- **ASSIGNMENT**: Please restate each line of the data below exactly. Omit all images.

[GIVEN MATERIAL — start]

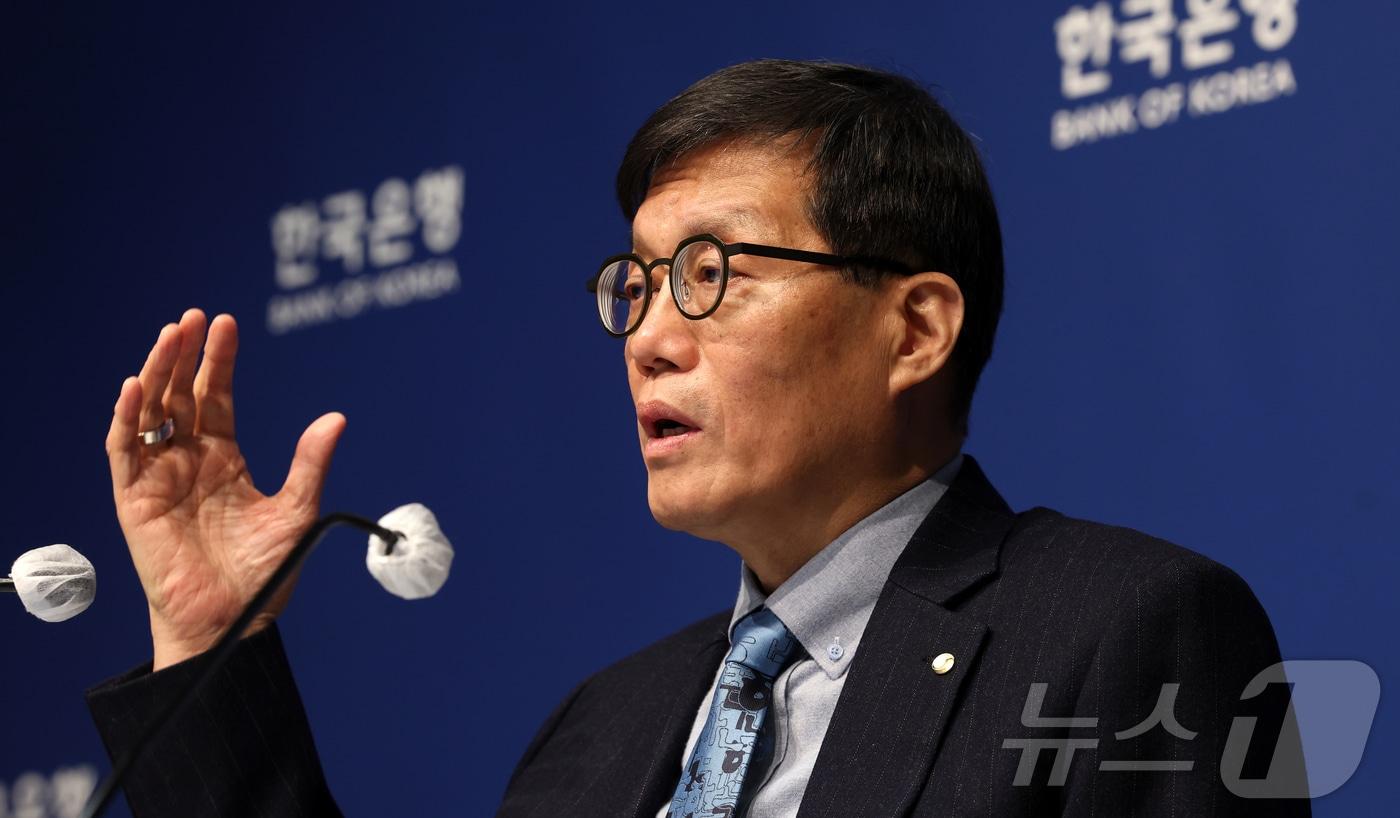 본문 이미지 - 이창용 한국은행 총재 (공동취재) 2026.1.15/뉴스1 ⓒ News1 김진환 기자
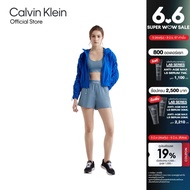 CALVIN KLEIN กางเกงออกกำลังกายขาสั้นผู้หญิง High-Rise Shorts รุ่น 4WS4S819 420 - สีCERAMIC BLUE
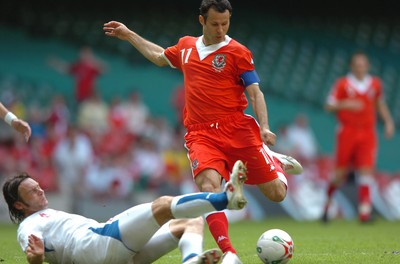 02.06.07 - Wales v Czech Republic - UEFA Euro 2008 Qualifying, Group D - Wales' Ryan Giggs tries a shot at goal 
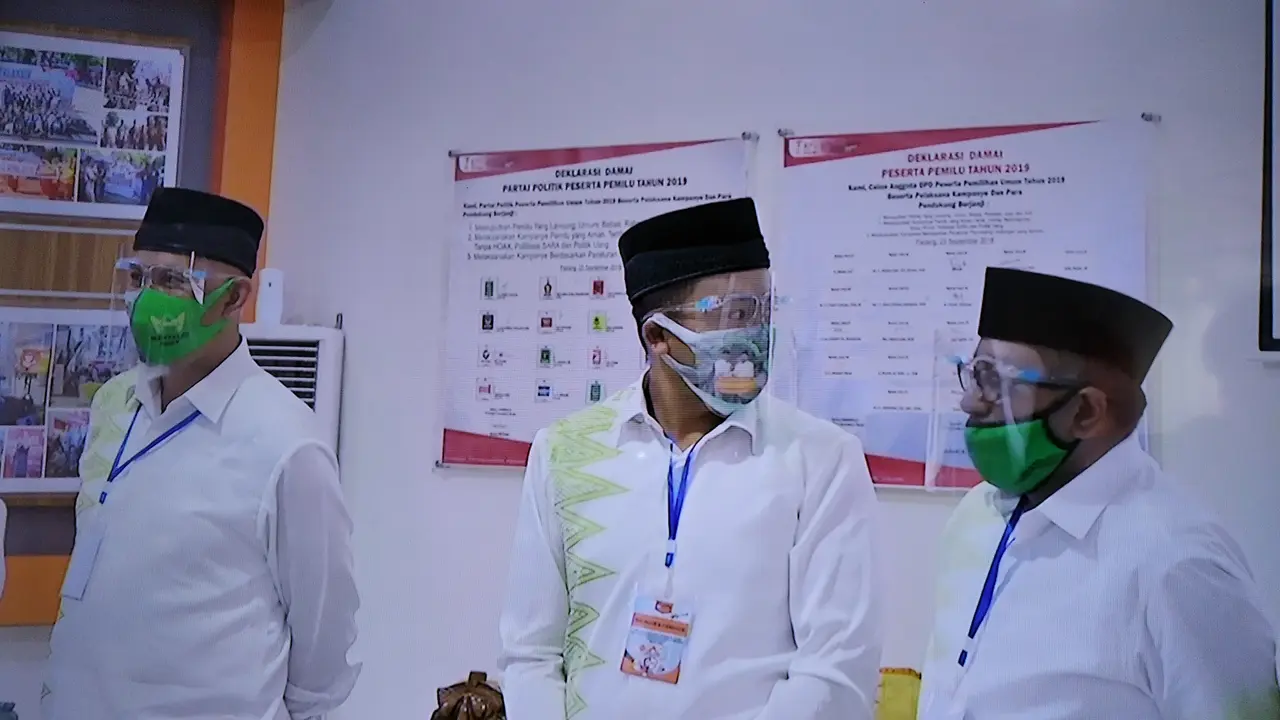 Mahyeldi-Audy Joinaldy mendaftar ke KPU Sumbar. (Liputan6.com/ Novia Harlina)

[GIVEN MATERIAL — finish]

- **EXERCISE RESPONSE**:
 본문 이미지 - 이창용 한국은행 총재 (공동취재) 2026.1.15/뉴스1 ⓒ News1 김진환 기자
 CALVIN KLEIN กางเกงออกกำลังกายขาสั้นผู้หญิง High-Rise Shorts รุ่น 4WS4S819 420 - สีCERAMIC BLUE
 02.06.07 - Wales v Czech Republic - UEFA Euro 2008 Qualifying, Group D - Wales' Ryan Giggs tries a shot at goal 
 Mahyeldi-Audy Joinaldy mendaftar ke KPU Sumbar. (Liputan6.com/ Novia Harlina)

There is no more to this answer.